O abismo parecia ser uma ponte para o infinito que contemplava uma vida íntegra e desprovidas de amarras tamanha era sua dimensão e liberdade. Chegar perto do precipício era uma atitude de coragem e contentamento. Uma coragem que antecipava a tal liberdade e a existência frente a um universo que desconhecia limites. O ingresso para uma nova vida estava a um salto de distância rumo à vermelhidão do deserto, do clima quente e do céu limpo que imprima um abraço para aqueles que ousassem se permitir uma nova experiência. O salto do precipício não era o salto da morte, mas o salto de vida, de libertação das amarras para conhecer uma possibilidade mais autêntica do que um mundo que emula uma realidade longe das expectativas da grandeza humana.
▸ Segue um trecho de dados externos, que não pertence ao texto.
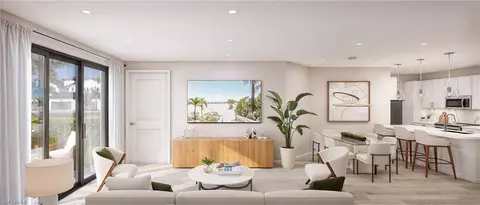 6093 Barbara Cir, Naples, FL 34112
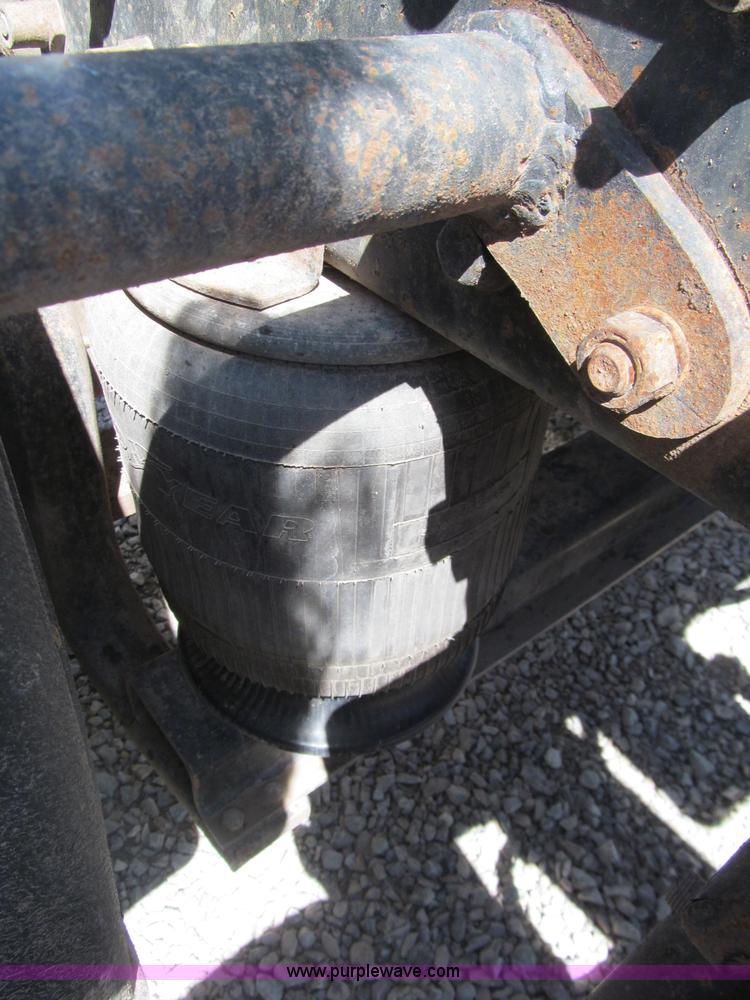 image for item F3024 1995 Volvo WIA semi truck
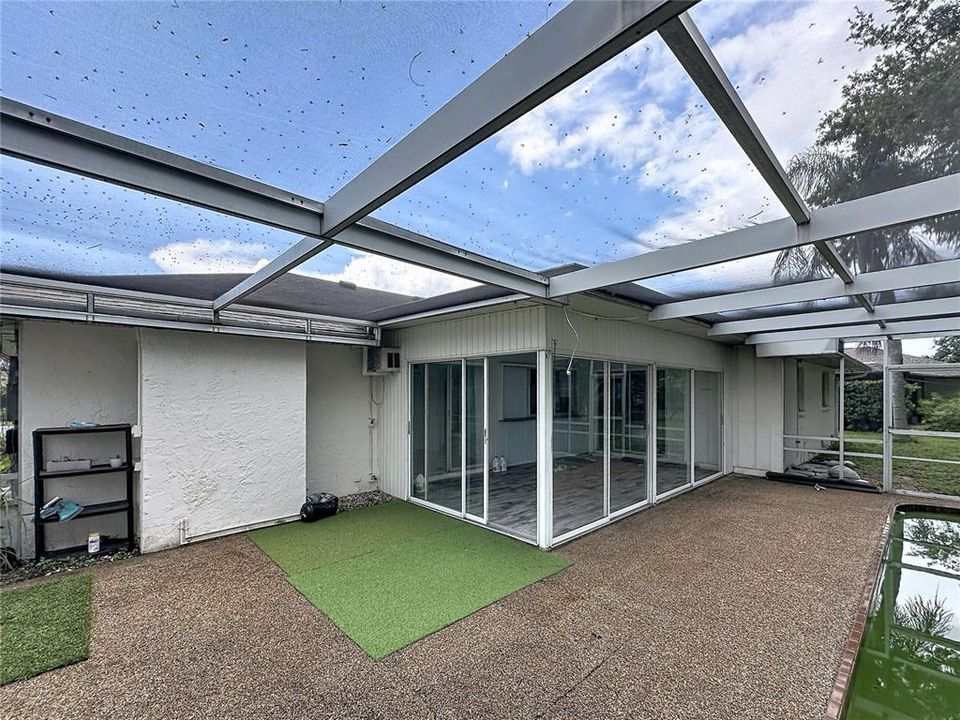 For Sale: $349,900 (3 beds, 2 baths, 1387 Square Feet)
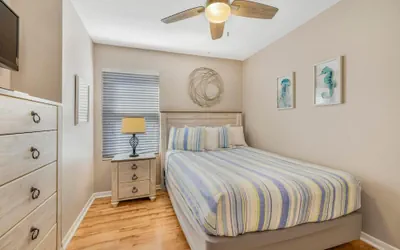 Photo 3 - Beach Front 603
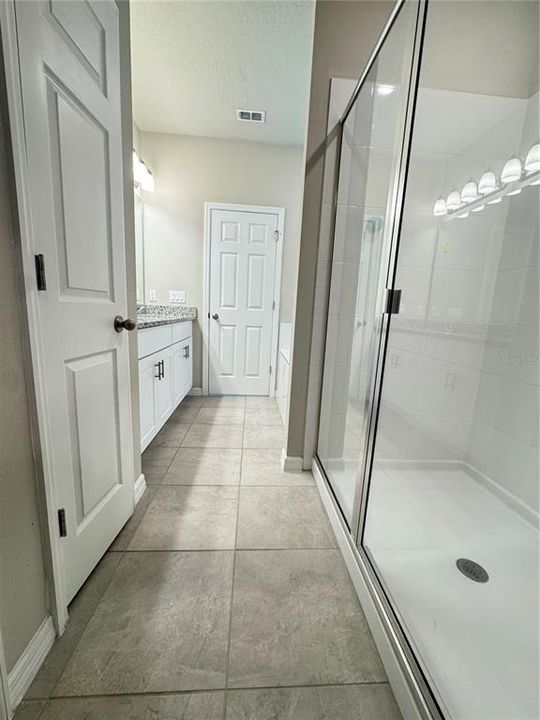 En Venta: $338,000 (3 camas, 2 baños, 1779 Pies cuadrados)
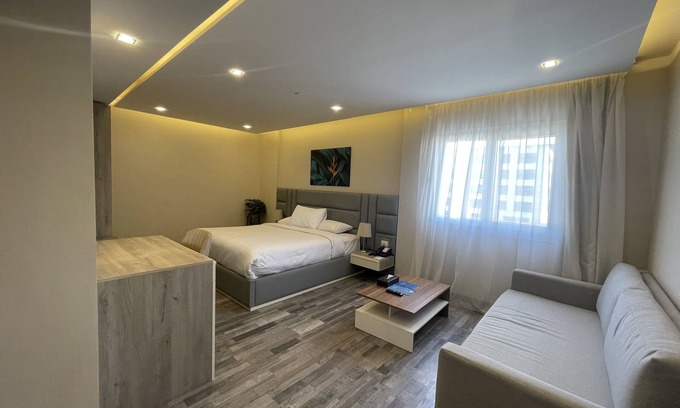 Heliopolis House | Convenient King Studio with Pool, 5 Minutes from Airport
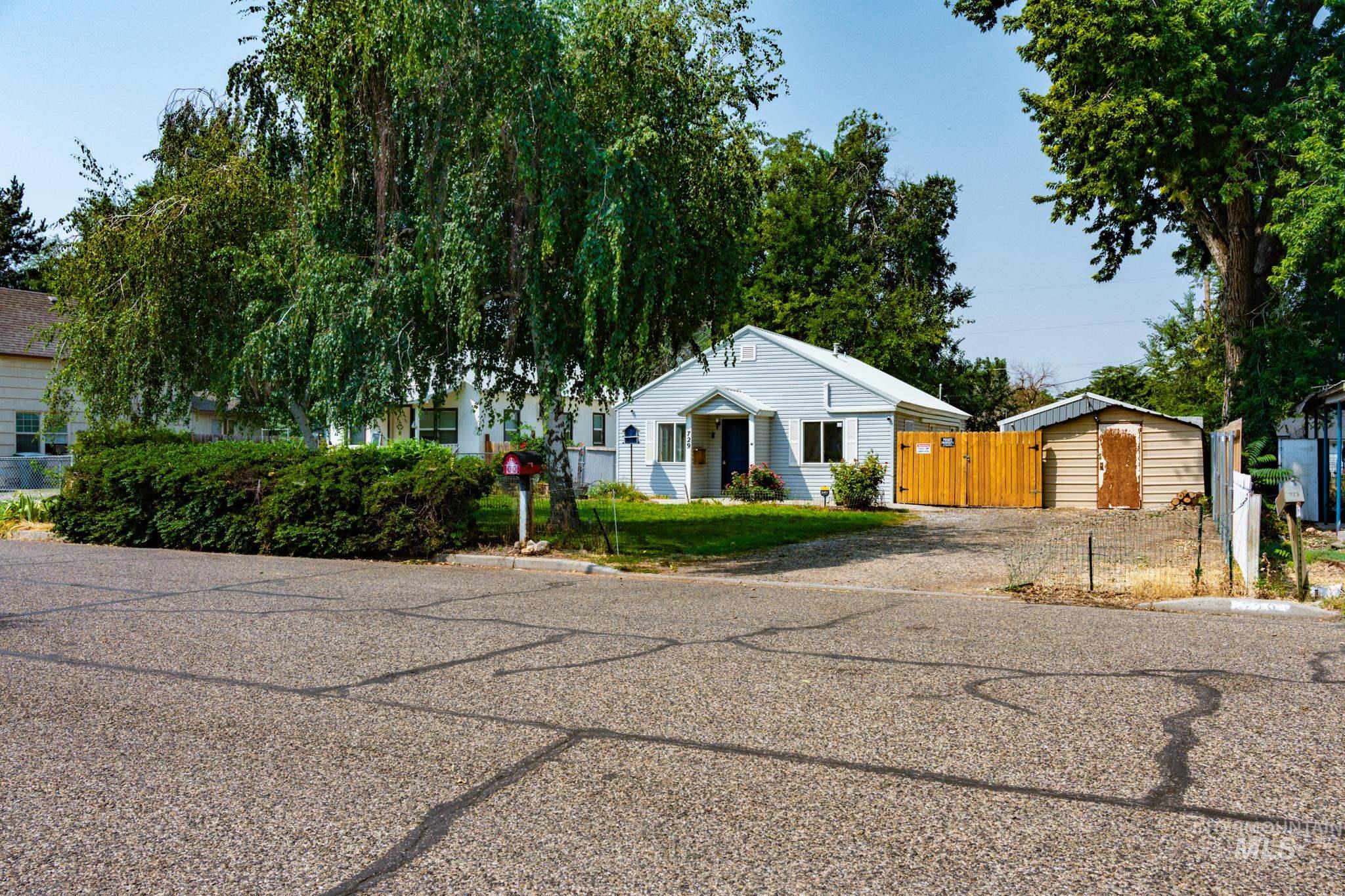 729 NW 2nd St, Ontario, Oregon 97914, 3 Bedrooms, 1 Bathroom, Residential For Sale, Price $239,000, 98997279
Essa pequena narrativa foi criada por mim quando criança em momentos de dificuldades e frustrações. Acreditava com fidelidade que havia um outro mundo para além deste e que todo o sofrimento deixava de existir quando pulávamos rumo a essa imensidão do precipício. Existia, portanto, uma outra realidade melhor que esta que me acolheria e permitiria me exercer. Sempre fui assim. Um amante de histórias. Além de ter sido influenciado por muitas delas, encontrava a paz inventado aquelas que surgiam de ideias e de experiências que vivia. Entretanto, o que parecia uma forma de me integrar ao mundo e à socialização, foi a primeira porta de entrada para um caminho de questionamentos e dificuldades de me encontrar. Estou falando da minha própria definição como homem no mundo e como essa identidade foi (e ainda é) de difícil compreensão mesmo em tempos de lutas e formação de comunidades.

Me definir como homem em uma sociedade tradicionalmente machista e patriarcal foi o maior desafio que tive até o momento, pois me encontrar nesta sociedade me fez tomar caminhos de idas e voltas sem destino. Estive sempre sob o julgamento e o olhar penoso das pessoas que esperavam de mim uma espécie de “promessa cumprida”, de me tornar o homem considerado perfeito zelando por esse papel social tão “importante”.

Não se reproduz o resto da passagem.